• _WHAT TO WORK ON_: In the records below, find the line holding "Long-Lasting Wood Broom" and the line holding "Skinny Golf Pocket". Set down both, with every line between them, exactly.
───── SOURCE DATA ─────
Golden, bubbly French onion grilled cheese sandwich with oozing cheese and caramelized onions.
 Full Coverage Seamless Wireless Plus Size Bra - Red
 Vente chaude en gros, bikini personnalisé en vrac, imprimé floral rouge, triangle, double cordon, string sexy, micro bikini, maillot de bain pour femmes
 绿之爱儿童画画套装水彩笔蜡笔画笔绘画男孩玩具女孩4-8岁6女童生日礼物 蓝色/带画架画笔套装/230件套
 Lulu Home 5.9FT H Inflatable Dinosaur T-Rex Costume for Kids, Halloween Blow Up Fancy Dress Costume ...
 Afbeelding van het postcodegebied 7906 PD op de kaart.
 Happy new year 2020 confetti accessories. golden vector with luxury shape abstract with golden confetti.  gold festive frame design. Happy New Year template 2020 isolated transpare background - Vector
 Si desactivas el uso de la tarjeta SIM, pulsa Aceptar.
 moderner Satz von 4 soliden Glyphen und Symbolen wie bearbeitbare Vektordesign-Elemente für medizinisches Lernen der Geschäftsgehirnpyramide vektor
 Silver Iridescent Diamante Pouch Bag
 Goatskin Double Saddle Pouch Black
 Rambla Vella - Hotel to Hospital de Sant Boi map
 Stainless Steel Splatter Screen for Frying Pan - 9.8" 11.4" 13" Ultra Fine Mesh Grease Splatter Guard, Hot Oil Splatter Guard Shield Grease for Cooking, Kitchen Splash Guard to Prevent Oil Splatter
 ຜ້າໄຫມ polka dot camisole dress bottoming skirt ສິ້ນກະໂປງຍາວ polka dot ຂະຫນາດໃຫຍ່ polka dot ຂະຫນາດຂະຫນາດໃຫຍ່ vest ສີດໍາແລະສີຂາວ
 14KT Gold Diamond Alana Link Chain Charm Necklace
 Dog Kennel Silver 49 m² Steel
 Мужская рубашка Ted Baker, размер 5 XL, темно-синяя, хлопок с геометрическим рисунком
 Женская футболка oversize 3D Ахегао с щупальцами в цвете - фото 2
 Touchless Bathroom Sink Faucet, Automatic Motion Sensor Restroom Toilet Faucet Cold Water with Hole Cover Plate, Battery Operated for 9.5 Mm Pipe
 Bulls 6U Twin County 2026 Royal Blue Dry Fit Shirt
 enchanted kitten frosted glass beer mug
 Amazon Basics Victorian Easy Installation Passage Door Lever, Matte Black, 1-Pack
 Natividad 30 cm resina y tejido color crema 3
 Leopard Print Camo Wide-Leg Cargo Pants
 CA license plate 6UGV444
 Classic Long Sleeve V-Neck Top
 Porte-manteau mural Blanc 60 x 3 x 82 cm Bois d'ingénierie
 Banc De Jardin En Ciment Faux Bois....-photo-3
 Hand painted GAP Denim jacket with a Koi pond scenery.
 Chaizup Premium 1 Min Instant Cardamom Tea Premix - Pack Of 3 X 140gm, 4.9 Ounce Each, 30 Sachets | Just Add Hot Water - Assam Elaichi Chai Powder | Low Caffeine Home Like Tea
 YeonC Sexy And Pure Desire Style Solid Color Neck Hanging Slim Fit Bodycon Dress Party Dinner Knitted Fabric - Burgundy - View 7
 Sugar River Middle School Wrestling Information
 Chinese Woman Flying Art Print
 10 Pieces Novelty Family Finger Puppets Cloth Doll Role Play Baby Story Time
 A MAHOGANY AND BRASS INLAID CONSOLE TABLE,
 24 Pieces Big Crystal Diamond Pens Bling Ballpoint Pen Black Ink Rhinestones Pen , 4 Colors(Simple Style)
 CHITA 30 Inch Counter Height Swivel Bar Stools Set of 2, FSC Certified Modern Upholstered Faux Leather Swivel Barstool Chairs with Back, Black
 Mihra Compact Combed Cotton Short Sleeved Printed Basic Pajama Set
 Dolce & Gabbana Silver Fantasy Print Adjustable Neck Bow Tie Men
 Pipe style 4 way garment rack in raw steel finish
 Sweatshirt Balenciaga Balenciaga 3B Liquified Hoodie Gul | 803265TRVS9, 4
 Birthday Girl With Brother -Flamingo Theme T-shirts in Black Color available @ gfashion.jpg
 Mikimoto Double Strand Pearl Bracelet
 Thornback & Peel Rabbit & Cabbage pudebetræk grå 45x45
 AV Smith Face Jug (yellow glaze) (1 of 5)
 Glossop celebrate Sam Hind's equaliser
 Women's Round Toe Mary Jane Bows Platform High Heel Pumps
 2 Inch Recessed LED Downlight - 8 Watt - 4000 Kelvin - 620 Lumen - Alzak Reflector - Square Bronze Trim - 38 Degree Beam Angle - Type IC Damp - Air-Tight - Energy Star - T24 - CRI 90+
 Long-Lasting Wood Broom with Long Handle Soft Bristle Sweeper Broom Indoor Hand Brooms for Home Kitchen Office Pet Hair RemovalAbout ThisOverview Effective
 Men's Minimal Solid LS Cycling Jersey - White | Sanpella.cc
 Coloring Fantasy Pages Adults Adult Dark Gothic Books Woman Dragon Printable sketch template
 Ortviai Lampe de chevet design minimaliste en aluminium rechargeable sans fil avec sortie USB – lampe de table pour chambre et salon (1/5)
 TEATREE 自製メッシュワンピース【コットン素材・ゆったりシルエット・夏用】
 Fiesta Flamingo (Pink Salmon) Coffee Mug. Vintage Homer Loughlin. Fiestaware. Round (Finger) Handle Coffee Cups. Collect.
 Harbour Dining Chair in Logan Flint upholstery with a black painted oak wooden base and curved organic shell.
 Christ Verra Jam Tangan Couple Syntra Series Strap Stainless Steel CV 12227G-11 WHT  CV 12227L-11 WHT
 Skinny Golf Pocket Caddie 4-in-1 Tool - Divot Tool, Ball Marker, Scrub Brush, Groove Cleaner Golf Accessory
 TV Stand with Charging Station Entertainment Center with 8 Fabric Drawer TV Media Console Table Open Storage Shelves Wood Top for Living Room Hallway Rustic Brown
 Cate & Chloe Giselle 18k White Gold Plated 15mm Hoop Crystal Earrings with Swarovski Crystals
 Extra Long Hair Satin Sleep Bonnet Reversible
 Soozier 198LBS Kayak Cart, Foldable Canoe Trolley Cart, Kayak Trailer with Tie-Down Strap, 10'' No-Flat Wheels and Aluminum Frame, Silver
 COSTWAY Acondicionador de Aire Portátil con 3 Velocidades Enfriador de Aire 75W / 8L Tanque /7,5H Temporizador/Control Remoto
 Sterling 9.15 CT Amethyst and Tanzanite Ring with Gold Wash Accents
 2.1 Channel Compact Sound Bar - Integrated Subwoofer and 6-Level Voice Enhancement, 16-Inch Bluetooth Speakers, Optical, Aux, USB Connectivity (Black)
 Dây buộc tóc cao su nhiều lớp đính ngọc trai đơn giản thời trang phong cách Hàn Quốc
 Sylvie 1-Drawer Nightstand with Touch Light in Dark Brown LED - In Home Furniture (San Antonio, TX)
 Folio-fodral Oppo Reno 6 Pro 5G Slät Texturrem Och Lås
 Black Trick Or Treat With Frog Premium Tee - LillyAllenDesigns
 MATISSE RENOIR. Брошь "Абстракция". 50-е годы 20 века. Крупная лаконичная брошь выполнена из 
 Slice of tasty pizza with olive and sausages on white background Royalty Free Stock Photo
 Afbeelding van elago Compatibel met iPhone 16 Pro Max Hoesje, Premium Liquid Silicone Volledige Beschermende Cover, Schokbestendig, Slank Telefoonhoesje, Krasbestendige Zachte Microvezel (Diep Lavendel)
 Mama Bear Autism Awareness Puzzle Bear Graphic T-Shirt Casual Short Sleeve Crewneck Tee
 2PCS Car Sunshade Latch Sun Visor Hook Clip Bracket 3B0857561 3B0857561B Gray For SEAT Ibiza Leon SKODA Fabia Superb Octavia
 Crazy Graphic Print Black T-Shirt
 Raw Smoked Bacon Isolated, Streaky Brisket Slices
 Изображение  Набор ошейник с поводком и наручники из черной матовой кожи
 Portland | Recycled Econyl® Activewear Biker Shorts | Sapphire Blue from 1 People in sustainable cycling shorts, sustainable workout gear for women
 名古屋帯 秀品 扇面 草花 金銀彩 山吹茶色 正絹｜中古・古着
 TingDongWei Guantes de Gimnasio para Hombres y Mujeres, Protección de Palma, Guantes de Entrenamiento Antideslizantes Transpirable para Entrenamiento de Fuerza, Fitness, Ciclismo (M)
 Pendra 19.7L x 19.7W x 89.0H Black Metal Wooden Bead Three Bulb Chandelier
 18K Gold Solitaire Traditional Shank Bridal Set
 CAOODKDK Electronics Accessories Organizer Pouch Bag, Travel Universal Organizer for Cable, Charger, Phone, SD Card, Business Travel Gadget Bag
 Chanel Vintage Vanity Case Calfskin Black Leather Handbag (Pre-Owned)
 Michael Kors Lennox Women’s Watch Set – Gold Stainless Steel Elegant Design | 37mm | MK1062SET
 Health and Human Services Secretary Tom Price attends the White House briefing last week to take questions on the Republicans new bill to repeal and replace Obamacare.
─────
• _SOLVED PROBLEM_:
 Long-Lasting Wood Broom with Long Handle Soft Bristle Sweeper Broom Indoor Hand Brooms for Home Kitchen Office Pet Hair RemovalAbout ThisOverview Effective
 Men's Minimal Solid LS Cycling Jersey - White | Sanpella.cc
 Coloring Fantasy Pages Adults Adult Dark Gothic Books Woman Dragon Printable sketch template
 Ortviai Lampe de chevet design minimaliste en aluminium rechargeable sans fil avec sortie USB – lampe de table pour chambre et salon (1/5)
 TEATREE 自製メッシュワンピース【コットン素材・ゆったりシルエット・夏用】
 Fiesta Flamingo (Pink Salmon) Coffee Mug. Vintage Homer Loughlin. Fiestaware. Round (Finger) Handle Coffee Cups. Collect.
 Harbour Dining Chair in Logan Flint upholstery with a black painted oak wooden base and curved organic shell.
 Christ Verra Jam Tangan Couple Syntra Series Strap Stainless Steel CV 12227G-11 WHT  CV 12227L-11 WHT
 Skinny Golf Pocket Caddie 4-in-1 Tool - Divot Tool, Ball Marker, Scrub Brush, Groove Cleaner Golf Accessory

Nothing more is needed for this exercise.